### Table of Contents

# Questions

## Question 1

REF: John thinks he loves Mary

MT1: John thinks he loves Mary

MT2: John knows he loves Mary

MT3: John thinks he loves RG

Given a test corpus with this one sentence, what are the BLEU scores of the three systems based on formulas (1) and (2)?

## Question 2

Imagine you are designing an MT shared task and you have a parallel corpus with 1 million sentences (e.g. Europarl). Which sentences will you select for the test set?

## Question 3

Does the bootstrap resampling (Section 5) assume normal (Gaussian) distribution of the scores of samples?

## Question 4

We bootstrapped 1000 test sets, computed scoreA-scoreB on each, and we got -1000,-950,-900,-850 … -50,0,0,0,0,0,0,0,0,0,0,1,2,3 … 970.

Based on Section 6, which system is better - A or B?

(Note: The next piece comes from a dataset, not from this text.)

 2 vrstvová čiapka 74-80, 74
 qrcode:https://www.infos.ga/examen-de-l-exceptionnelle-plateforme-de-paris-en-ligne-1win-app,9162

With what significance level?

Higher score means better system.

You do not need computer to answer this question, but you can try

perl -E 'say join",",(map {$_*50}(-20..-1)),(0) x 10, 1..970'

Of course, such a result of bootstrap is very strange, but take it as granted for the sake of this quiz.

## Question 5

In statistical hypothesis testing, the p-value is the probability of obtaining a test statistic at least as extreme as the one that was actually observed, assuming that the null hypothesis is true. (http://en.wikipedia.org/wiki/P-value)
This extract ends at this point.